You will see the cellar hole of the Pest House, a place so decrepit and miserable that by the 1870s, nurses could not be found who were willing to stay in it. And not far away, a tidy row of small limestone grave markers, carved only with numbers. 
No. 5 
No. 9
No. 10
Only three or four of the small markers remain intact, others broken or consumed by the underbrush.
Forgotten people, forgotten lives, in this sad, hushed forgotten corner of the woods.
And the mind whirls with thought, with questions. Who were these people? What were their days and nights like: cast out, banished to this lonely place, wondering if they will live to see another sunrise, left to die alone.
I try to absolve the town and its people. They did what they did from fear, from a need for self-preservation, not out of malice or hatred. But then I wonder why- who decided that these people should lose their names, that 22 year-old Antone Domingo should be diminished forever, known only to the world
as No. 6?

I couldn’t escape the parallels, between this world of a century and a half ago and my own. People shunned and feared and despised because they got sick. Lives, full ordinary lives built out of work and sex and Christmases and mistakes and first kisses, ending alone and untouched. Beautiful bodies made ugly. A two-inch by four-inch limestone stake, a three-foot by six-foot panel in a quilt.

There are places in the world which are haunted, not by poltergeists or restless spirits, but by regret and sadness and the memory of how unkind one human being can be to another. I imagine that there are ruins of camps in Poland where joy dissipates like morning mist. I felt it at Ground Zero in New York, back when it was just a big hole in the ground filled with the anguish of an entire nation, a palpable, almost sacred sorrow. And here, in a small, unmarked, unbounded area in the middle of the woods, I felt the despair of someone who slept for the first night in a strange bed in a frightening and isolated house. There was a moment in that person’s life when they realized they had been put where they had been put to be forgotten. And for at least 14 people, a moment when they knew that they would never go home again.

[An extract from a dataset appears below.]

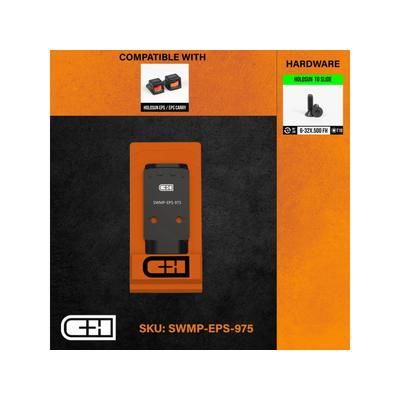 C&H Precision Weapons Optics Adapter Plate S&w M2.0 Core Holosun EPS SWMP-EPS-975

Wednesday, January 31, 2018

We walked far enough that the only footprints in the day-old snow were pawprints. Eventually even they disappeared.
The trunks of trees and the branches of thorn bushes threw grey-blue shadows, the austere color of a gun that has never been fired. The morning sun, still tethered low to the horizon, turned stalwart blades of grass into a thousand little sundials, faithfully witnessing the passing of another day on Earth. 
For anyone who took the time to look, the snow could be a field of stars, or diamonds, or the sequined train of the Ice Queen's gown.
The kind of beauty, I thought, that can never be touched

TEMPEST

Today I stood at the top of a hill and watched the snow fall around me from left to right. The wind, which blew from all directions wasn't wind, but a sound effect. And I felt like Shakespeare's Prospero.

Friday, January 26, 2018

Walking among the stones and monuments of graves where no one has laid flowers in a hundred years. An urn. A weeping angel. A lamb. A sleeping child. I do the math in my head. 26 years old. 86. 2 months. My age. I try to read the stories, distilled to names and dates, chiseled into crumbling granite and slate. The man who remarried, the second wife, the second chance. The spinster daughter. The war. I try to imagine their world. A world where they had a king. A world where they had slavery. Reading books by kerosene lantern. Cold, cold winters and storms with no warning. Hot summers and long, homespun dresses. I see a headstone with a beginning and no end, an unfinished account. 1881- . What happened? Where did he go? Lost at sea? Died in prison? Took his last breath somewhere where no one knew that he already had a spot reserved where he could spend eternity. Buried his wife at 40 and then just moved on. I pause and read the words, the brief lines lifted from Psalms, from poems, from the Book of Common Prayer. Some grieving wife, or son or brother, or mom or dad, through contemplation and tears that I can only speculate about, decided that these were the words which this soul should carry with it forever. The tiny grave of an infant, on the very furthest edge of the cemetery. Our Baby. Why there, on the edge? No money? No baptism? A little soul in Limbo, even now, after all this time? How absurd. I consider the memento mori: skulls with wings. Remember, Man, that thou art dust and unto dust thou shalt return. And it doesn’t make me feel sad or scared. It makes me glad to be there, to read the names and do the math, and remember the people that no one brings flowers for. Because one day, no matter how kind or cruel I am during my lifetime, my own long story will be abridged- a name, some dates, an epitaph. Will anyone hear me as they walk by, calling out from a silent stone? Speak my name! Remember me! I was here! I lived!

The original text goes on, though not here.